Jan
28

(erschien in: Telepolis, 28.1.2022)

Manche Kommentare zu den Protesten gegen die Maßnahmen zur Eindämmung der Epidemie heben die Teilnahme von Rechtsradikalen, die Gewaltaufrufe und Hetze in sozialen Medien hervor. Wir konzentrieren uns auf die Auffassungen der ganz „normalen“ Teilnehmer. Der Artikel befasst sich mit denjenigen, die alle Maßnahmen ablehnen und sie hochstilisieren zum Anlass, in den „Widerstand“ gegen eine „Corona-Diktatur“ zu treten. Ein anderes Thema sind diejenigen, die Einwände gegen einzelne Maßnahmen und einzelnes staatliches Vorgehen haben, aber insgesamt zum Schluss kommen: Maske, Impfung, Kontakteinschränkungen und ähnliches sind das sehr viel kleinere Übel als alles, was ohne diese Maßnahmen droht. Beide Gruppen sind zu unterscheiden. Ein Vergleich kann das verdeutlichen. Es gibt Leute, die staatliche Steuern generell ablehnen, und andere, die bei einzelnen Steuervorgaben meinen: „Hier wird mir im Vergleich zu anderen Gruppen unverhältnismäßig viel abverlangt. Andere werden bevorzugt!“ Da lässt sich endlos über das Für und Wider streiten sowie Belastungen gegeneinander ausspielen.

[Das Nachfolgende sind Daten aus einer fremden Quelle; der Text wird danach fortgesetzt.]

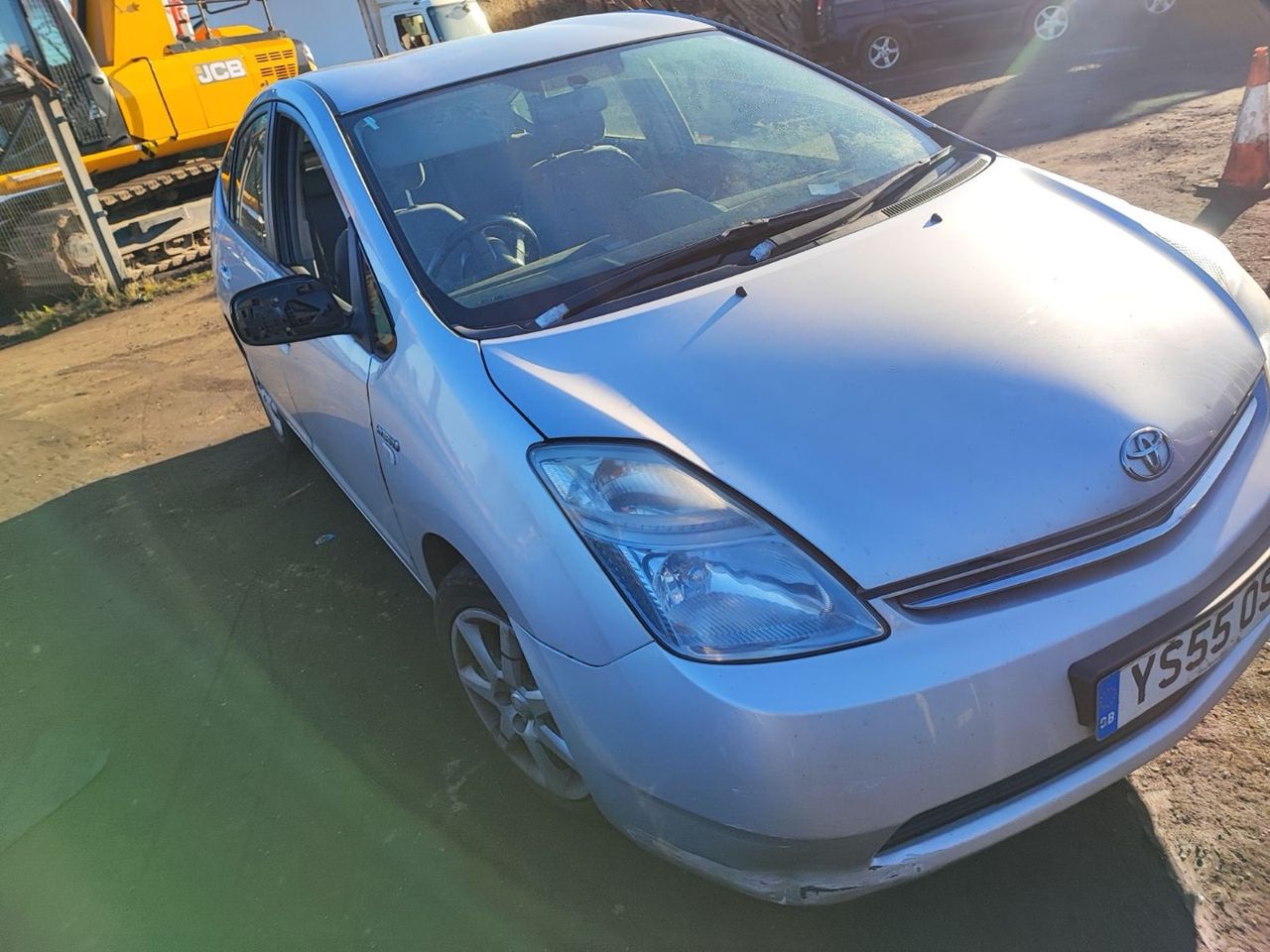 Toyota Prius 2  XW20 рест. 2006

Die Kritik an einzelnen Schritten in der Covid-Bekämpfung führt zu nichtbeabsichtigten Effekten.
In der öffentlichen Debatte über die Politik gegen die Covid-Epidemie profilieren sich viele im Politikbetrieb und aus den Medien in der Manöverkritik an einzelnen Schritten. Damit geben sie denen ständig Futter, die Ernst machen wollen mit „alles Scheiße, was die Regierung macht“. Schnell lässt sich ein Mangel zu DEM Mangel erklären oder eine kleine Ungereimtheit aufblasen zu „die wissen nicht, was sie tun“.

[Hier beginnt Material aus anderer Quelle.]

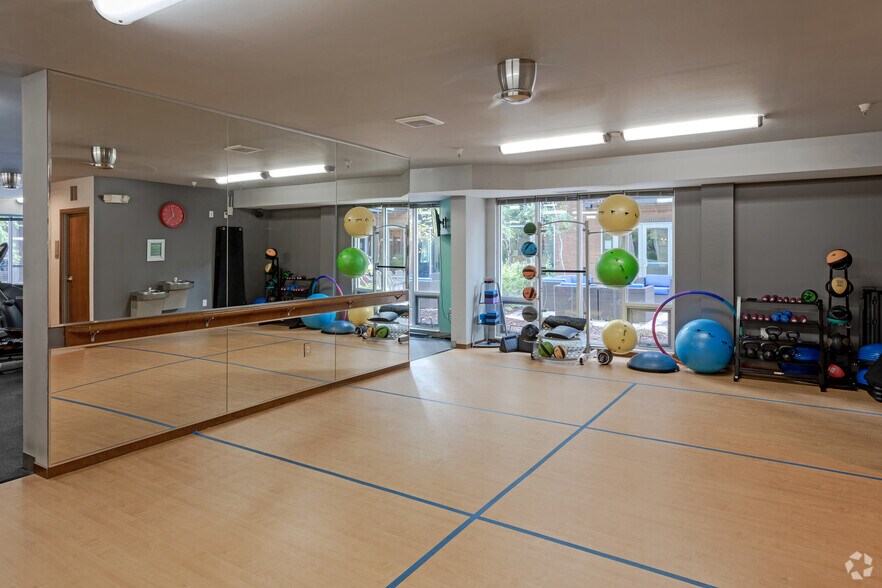 More Photos Of 2922 Aldrich Ave S, Minneapolis Apartments For Lease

In der Opposition gegen die Maßnahmen findet sich eine Koalition von Vetogruppen.
Sie lehnen etwas aus untereinander völlig verschiedenen und teils unvereinbaren Motiven ab. Die einen verarbeiten ihre schlechten Erfahrungen mit dem herrschenden Gesundheitswesen zu dessen pauschaler Ablehnung und schwören z. B. auf homöopathische Mittel. Andere haben Vorbehalte gegen die Impfung von Kindern. Wieder andere stören sich auf einmal an den Vorschriften, ohne bisher gegen Ampeln und Verkehrsregeln rebelliert zu haben. Andere nutzen die Demonstrationen, um es „den etablierten Parteien“ mal „so richtig zu zeigen“. Alle diese Gruppen eint nur das Anti. Eine konsistente Vorstellung, wie sich die Covid-Epidemie bekämpfen lässt, haben sie nicht. Und das stört sie auch nicht. „Permanente Aufregung ist Kennzeichen der Ignoranz. Wut ist dumpf, aber entschieden. Sie weiß alles, wovon sie nichts versteht. Ihre Empörung ist ihr heilig. Darunter macht sie es nicht. Und über sie kann sie sich nicht erheben. Der eigene Affekt erscheint nicht verdächtig, er ist vielmehr dieses Bürgers feste Burg. Er setzt sich in Gang, ohne von sich wissen, geschweige denn sich erforschen zu wollen. Er tritt auf als Lösung, nicht als Problem“ (Franz Schandl: Die Wut und ihre Bürger. In: Streifzüge, Wien, Nr. 54, S. 42).

Egozentrismus
„Der Staat darf mir nicht verbieten, ins Restaurant zu gehen und meine Freunde zu treffen“ (Teilnehmerin an Demonstration, Tagesschau 15.1.22). Ihre Bewegungs- und Konsumfreiheit steht der Dame an erster Stelle. Vom Grundgesetz ist bekannt, dass es sich für die freie Entfaltung der Persönlichkeit ausspricht. Beflissen sehen viele davon ab, dass in Artikel 2 die Grenze dieser freien Entfaltung genau dort gezogen wird, wo die individuelle Ausübung der Freiheit die Rechte anderer verletzt. Das schließt den Schutz der Gesundheit und des Lebens anderer ein. Ein Grundrecht, andere anstecken zu dürfen, gibt es nicht. Nicht überall, wo „Einschränkung der eigenen individuellen Freiheit“ drauf steht, ist Schützenswertes im Spiel. Jedenfalls beklagen auch die Gegner des Tempolimits, die Freunde des privaten Waffenbesitzes und der Kinderpornographie bitterlich so manche harte Einschränkung, der sie unterliegen. Marius Müller-Westernhagens Schlager-Parole „Freiheit, Freiheit ist das einzige, was zählt“ ist – vorsichtig gesagt – etwas zu kurz gedacht.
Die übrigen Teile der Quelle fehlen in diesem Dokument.